WHAT TO PRODUCE: Each line below must be set down exactly; omit any image you find.

SUPPLIED DATA:
- Opening Delimiter -
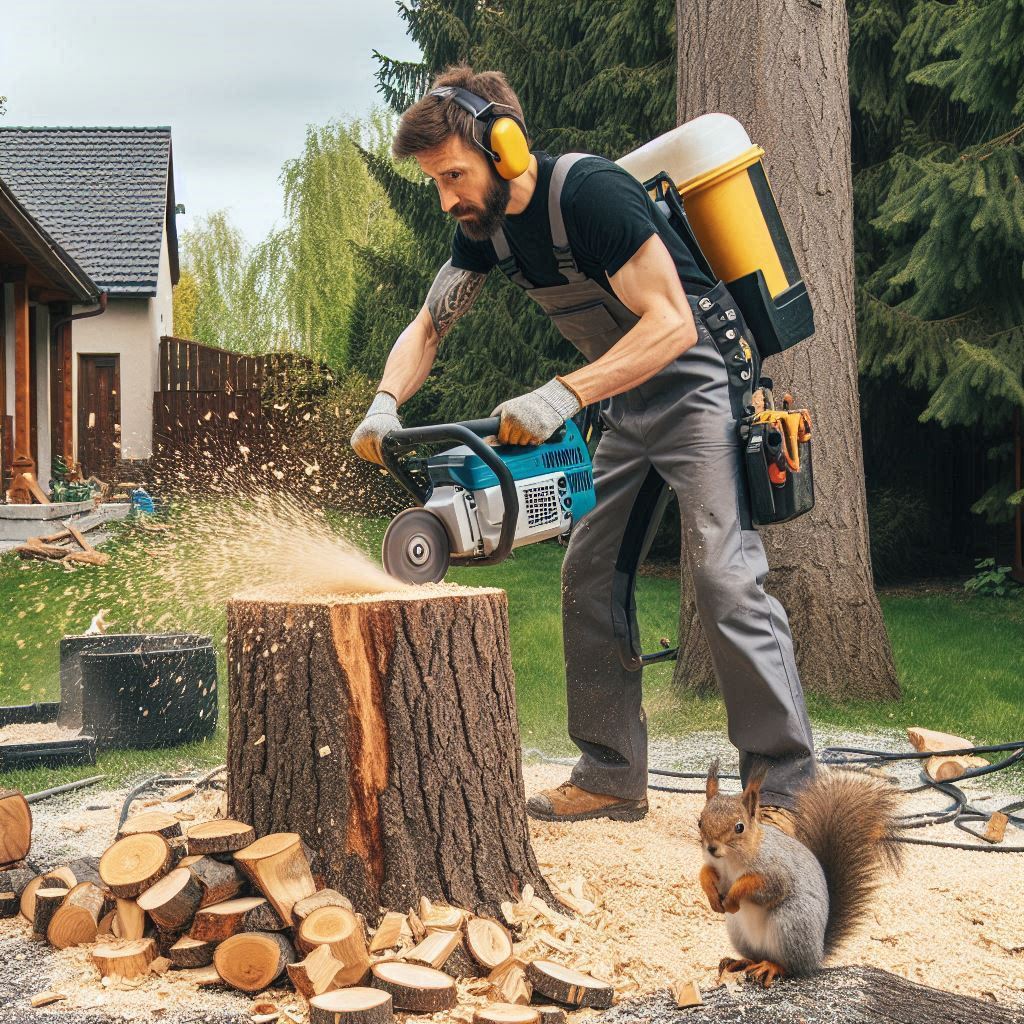 Reliable Deep Stump Grinding Services in Salem, MA Expert Deep Stump Grinding Services in Salem, Massachusetts - Professional Service by Salem Stump Removal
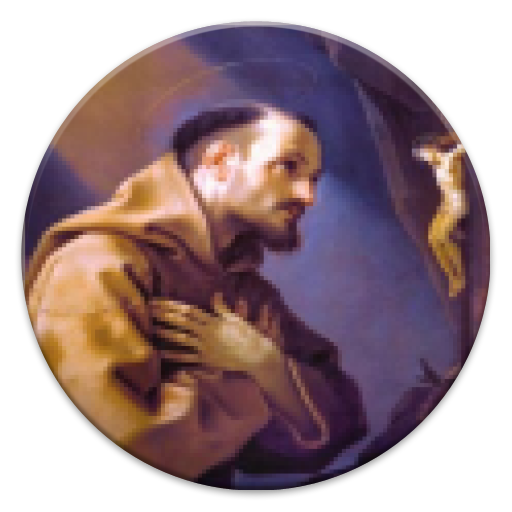 St. Francis of Assisi prayers 1.0 Icon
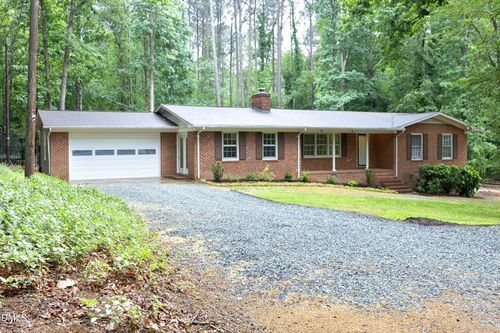 603 Oak Hill Rd, Pittsboro, NC, 27312-7079 | Card Image
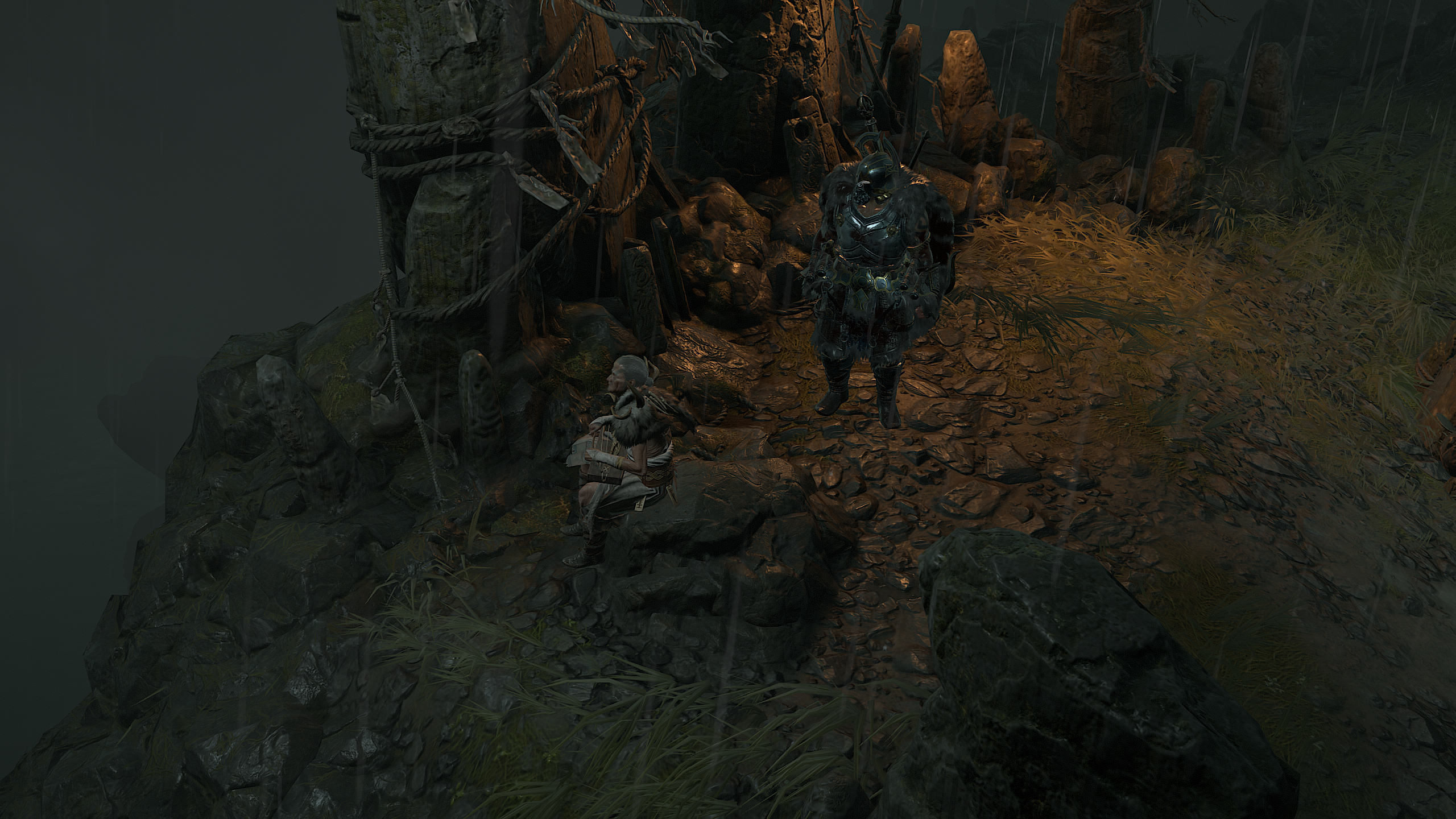 Kor Valar Ramparts dungeon Diablo 4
- Closing Delimiter -
SOLVED PROBLEM:
 Reliable Deep Stump Grinding Services in Salem, MA Expert Deep Stump Grinding Services in Salem, Massachusetts - Professional Service by Salem Stump Removal
 St. Francis of Assisi prayers 1.0 Icon
 603 Oak Hill Rd, Pittsboro, NC, 27312-7079 | Card Image
 Kor Valar Ramparts dungeon Diablo 4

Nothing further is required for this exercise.